Perhaps the most illustrative and recent example of this anti-American bent in the face of extreme geopolitical tension is his hyperbolic dismissal of US support despite hundreds of boats from China’s maritime militia threatening Philippine sovereignty. As noted, China has sent in over 200 ships into Philippine territory In early April. Shortly after, Secretary of State Antony Blinken called Foreign Affairs Secretary Locsin and reaffirmed America’s commitment to the 1951 Mutual Defense Treaty, worry about China’s actions in the South China Sea, and the legality of the Philippines’ claims. Secretary of Defense Lloyd Austin also called Defense Secretary Lorenzana to offer assistance if need be and inform him that “the United States has just recently sent their USS Theodore Roosevelt and they had an operation there at the West Philippine Sea.” Both Blinken and Austin expressed a desire to work with the Philippines on this issue and confidence in the future trajectory of bilateral cooperation. Duterte’s response, however, was to question the reliability of the US as an ally rooted in history, double down on China as a “good friend,” and reiterated that the Philippines would not go to war over the South China Sea- sending an important signal to Beijing while undercutting America’s support.
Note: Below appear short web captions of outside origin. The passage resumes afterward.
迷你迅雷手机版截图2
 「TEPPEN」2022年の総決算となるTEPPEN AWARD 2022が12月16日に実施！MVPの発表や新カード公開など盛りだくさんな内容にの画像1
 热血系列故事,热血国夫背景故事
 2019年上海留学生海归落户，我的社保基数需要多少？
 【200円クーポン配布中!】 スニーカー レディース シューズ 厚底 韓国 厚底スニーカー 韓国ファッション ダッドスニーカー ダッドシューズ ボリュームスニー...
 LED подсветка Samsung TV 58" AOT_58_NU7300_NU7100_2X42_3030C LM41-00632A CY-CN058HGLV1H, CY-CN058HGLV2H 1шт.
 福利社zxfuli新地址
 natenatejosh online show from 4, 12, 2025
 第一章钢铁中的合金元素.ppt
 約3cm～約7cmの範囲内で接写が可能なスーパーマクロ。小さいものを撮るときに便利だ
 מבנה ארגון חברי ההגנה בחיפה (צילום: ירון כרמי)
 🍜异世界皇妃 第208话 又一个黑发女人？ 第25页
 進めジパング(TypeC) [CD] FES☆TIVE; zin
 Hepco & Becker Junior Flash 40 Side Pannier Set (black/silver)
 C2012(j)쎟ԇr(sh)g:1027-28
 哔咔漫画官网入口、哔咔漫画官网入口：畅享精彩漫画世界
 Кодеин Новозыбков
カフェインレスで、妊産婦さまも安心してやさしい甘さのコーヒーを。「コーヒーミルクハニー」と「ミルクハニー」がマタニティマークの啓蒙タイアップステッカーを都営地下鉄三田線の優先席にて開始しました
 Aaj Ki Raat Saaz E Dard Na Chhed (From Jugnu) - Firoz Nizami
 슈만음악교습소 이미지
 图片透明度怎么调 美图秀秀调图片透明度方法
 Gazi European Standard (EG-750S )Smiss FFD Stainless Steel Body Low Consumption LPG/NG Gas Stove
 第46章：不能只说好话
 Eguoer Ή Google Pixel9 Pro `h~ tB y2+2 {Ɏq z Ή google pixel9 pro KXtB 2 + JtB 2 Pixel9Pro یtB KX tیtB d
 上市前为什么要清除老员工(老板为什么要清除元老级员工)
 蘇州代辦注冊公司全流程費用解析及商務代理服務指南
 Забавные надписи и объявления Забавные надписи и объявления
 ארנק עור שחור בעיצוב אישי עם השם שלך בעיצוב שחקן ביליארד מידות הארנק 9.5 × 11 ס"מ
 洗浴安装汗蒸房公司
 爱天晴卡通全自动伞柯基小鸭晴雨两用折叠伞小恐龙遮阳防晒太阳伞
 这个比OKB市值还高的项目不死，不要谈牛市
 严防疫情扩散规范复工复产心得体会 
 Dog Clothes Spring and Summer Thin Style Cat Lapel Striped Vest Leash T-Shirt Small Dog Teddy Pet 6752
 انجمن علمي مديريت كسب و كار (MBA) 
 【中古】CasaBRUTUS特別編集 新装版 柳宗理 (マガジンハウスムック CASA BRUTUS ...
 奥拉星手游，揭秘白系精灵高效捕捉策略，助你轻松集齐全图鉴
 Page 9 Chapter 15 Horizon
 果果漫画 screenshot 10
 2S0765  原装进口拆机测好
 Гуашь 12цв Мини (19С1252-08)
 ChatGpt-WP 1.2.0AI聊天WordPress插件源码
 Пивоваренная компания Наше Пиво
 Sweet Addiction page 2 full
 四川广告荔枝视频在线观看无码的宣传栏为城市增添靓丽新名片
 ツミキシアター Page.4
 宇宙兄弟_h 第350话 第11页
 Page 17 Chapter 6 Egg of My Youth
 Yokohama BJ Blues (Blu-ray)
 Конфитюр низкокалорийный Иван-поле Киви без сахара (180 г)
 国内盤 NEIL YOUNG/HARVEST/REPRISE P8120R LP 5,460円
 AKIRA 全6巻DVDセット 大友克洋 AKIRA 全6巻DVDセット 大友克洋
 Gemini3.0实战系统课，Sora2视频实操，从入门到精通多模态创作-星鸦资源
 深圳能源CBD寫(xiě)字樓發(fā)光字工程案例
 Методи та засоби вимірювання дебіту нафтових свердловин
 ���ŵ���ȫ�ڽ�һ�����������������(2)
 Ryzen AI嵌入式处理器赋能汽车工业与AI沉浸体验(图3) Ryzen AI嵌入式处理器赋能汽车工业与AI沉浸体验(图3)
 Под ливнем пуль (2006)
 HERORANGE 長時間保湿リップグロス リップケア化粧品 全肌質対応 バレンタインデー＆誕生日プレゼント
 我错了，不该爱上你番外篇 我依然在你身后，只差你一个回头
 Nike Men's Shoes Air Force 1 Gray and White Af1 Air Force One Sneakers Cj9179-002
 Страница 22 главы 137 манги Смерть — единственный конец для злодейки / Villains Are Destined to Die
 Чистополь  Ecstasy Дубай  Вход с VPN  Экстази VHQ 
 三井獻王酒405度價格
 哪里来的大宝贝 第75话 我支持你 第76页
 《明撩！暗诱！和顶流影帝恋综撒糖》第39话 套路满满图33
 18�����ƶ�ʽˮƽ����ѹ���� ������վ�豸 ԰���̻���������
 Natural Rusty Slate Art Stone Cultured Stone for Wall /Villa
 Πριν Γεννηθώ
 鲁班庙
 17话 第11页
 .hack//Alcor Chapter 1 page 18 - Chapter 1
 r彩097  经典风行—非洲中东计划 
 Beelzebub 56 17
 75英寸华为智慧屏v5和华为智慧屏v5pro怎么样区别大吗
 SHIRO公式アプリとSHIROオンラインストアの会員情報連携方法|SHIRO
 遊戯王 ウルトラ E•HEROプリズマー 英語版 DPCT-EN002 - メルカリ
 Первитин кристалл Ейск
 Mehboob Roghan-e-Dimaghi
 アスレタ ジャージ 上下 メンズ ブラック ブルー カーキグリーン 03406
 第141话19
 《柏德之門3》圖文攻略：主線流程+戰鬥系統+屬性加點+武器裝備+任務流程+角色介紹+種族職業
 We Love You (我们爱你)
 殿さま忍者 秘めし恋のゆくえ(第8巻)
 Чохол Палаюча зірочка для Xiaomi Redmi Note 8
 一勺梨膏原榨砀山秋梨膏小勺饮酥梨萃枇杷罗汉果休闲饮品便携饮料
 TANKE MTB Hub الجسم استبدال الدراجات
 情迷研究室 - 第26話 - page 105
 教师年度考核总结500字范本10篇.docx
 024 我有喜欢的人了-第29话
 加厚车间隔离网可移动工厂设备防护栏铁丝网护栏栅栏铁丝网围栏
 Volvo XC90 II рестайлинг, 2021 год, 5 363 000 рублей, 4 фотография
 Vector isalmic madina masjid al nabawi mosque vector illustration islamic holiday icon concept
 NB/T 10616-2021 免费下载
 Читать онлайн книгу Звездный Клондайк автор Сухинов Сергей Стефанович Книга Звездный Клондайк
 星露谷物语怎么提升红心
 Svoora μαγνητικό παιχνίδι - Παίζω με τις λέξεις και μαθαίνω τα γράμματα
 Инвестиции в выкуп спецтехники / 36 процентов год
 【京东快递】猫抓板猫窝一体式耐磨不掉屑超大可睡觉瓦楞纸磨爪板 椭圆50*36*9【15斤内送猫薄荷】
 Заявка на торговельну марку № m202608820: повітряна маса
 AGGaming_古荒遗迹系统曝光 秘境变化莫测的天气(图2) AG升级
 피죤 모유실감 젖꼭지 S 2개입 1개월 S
Duterte’s distrust of Washington is palpable. As an aide close to Duterte said in early 2016, “for him its’ policy, personal, historical, ideological et cetera., combined.” In other words, it is all-encompassing and therefore is difficult to disentangle and reverse, even if geopolitical realities require it. Still, he will increasingly find himself on the wrong end of China’s territorial aggression without benefits to justify his deference as long as he maintains this anti-American inclination and China policy. Duterte understands this practically or he wouldn’t have extended the VFA, again. Nonetheless, Duterte will not allow himself to change course on his China policy at this point or any soon in large part for a severe distrust of America.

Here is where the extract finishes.